Although the statistical tests make no distinction between hypothesized and post hoc tests of moderators, there is an important difference in the meaning of the tests. The strongest use of meta-analysis is as a tool for the evaluation of scientific propositions using previous research outcomes as data. In such a case, meta-analysis is employed for data analysis just as regression or analysis of variance would be used in primary research studies in which data are gathered to test specific hypotheses. On the other hand, meta-analysis can be used to account for observed variance by computing a myriad of post hoc tests for coded potential moderators, which will lead to numerous Type I and Type II errors (Hunter and Schmidt 2004).

The H&S Approach

According to Hunter and Schmidt (2004), if less than 75 % of variance can be attributed to artifacts, subgroup analysis should be conducted. In such an analysis, effect sizes are grouped into meaningful categories, and each subgroup is separately meta-analyzed. Hunter and Schmidt (2004) suggested that the means and the REVC of the subgroups are examined. If there is a large difference in group means and a corresponding reduction in the REVC from the analysis in which both groups are combined, a moderator is present. The meaning of ‘large’ may vary depending on the research question.

Such an approach has been criticized on several grounds. First, subgroup analyses may require the subdivision of continuous moderator variables, which limits variation, resulting in lower statistical power to detect moderating effects (Stone-Romero and Anderson 1994). Also, if continuous moderators are converted into categories, variance is restricted, and moderator effects tend to be underestimated (Steel and Kammeyer-Mueller 2002; Stone-Romero and Anderson 1994). Second, different subgroups are often statistically dependent, so that the results of one test can be predicted from the results of another (Hunter and Schmidt 2004, pp. 424–426). Consequently, a result may indicate the existence of a moderating effect when none is present because the result is actually due to another, correlated moderator.

Another technique to explain heterogeneity is study characteristics correlations (Hunter and Schmidt 2004; also called vector correlations, Jensen 1998), which are correlations between effect sizes and moderators. Such correlations describe the covariance between two vectors; one vector is the effect size (e.g., observed or corrected correlation), the second vector is the moderator variable. A vector correlation analysis has the limitation that only one moderator can be analyzed at any given time. Furthermore, when examining various moderator variables separately, multicollinearity cannot be readily addressed, which can lead to erroneous and misleading interpretations of results (Steel and Kammeyer-Mueller 2002).

The H&O Approach

In the H&O statistical approach, the terms study characteristics or vector correlation are not used but the analogous analysis method is meta-regression (Borenstein et al. 2009; Thompson and Higgins 2002). Meta-regression applies the concept of multiple correlation and regression analysis to the sample level. Meta-regression can simultaneously assess the effects of multiple study characteristics (for an illustrative example see Baltes et al. 1999). Thus, meta-regression may be used to test multiple moderators and the incremental value of individual predictors (e.g., the incremental validity of independent variables). As with traditional regression analysis, multiple regression methods are available, including ordinary least squares (OLS) and weighted least squares (WLS). Theoretical arguments and empirical evidence indicate that the WLSFootnote 10 method with the inverse sampling variance as weights is the preferred moderator estimation technique (Hedges and Olkin 1985; Steel and Kammeyer-Mueller 2002). It has also been suggested that the preliminary test of heterogeneity (either statistical or the 75 % variety) be abandoned if the moderator in question is hypothesized a priori (Overton 1998).

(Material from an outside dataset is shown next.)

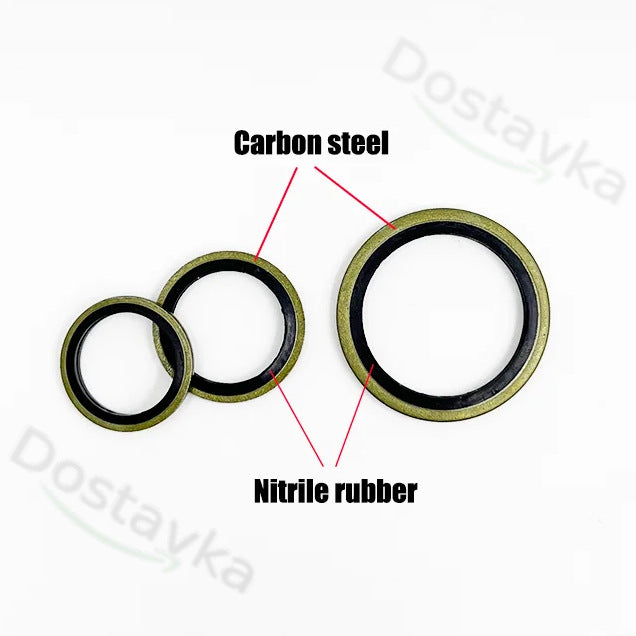 M5-M24 Sealing Washer Gasket Ring for High Pressure Hydraulic Connections (Metal + NBR)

Comparison of the Two Approaches and Recommendations

Both statistical meta-analytic approaches allow for the estimation of subgroup means and respective residual REVCs. Both also allow for the computation of the correlation between study characteristics and effect sizes (although Hunter and Schmidt recommend creating subgroups rather than computing correlations). Hunter and Schmidt’s subgroup analysis is, by far, the most often used approach in the organizational sciences (Geyskens et al. 2009). However, the weighted meta-regression approach has two advantages. First, multiple variables can be considered simultaneously, and both categorical and continuous moderators can be handled. Second, this method includes statistical significance tests for each moderator. On the other hand, special problems arise in the application of such models in the H&O approach. While the weights for means in the random-effects case depend upon the REVC, calculating the means across levels of the moderator involves finding a residual variance (i.e., the REVC after accounting for the moderator). The REVC may be pooled across levels of the moderator, or estimated separately for each level of the moderator. The choice is up to the meta-analyst, and it may not be obvious which is best. The weights of the H&S approach are always N i , so no such difficulty arises.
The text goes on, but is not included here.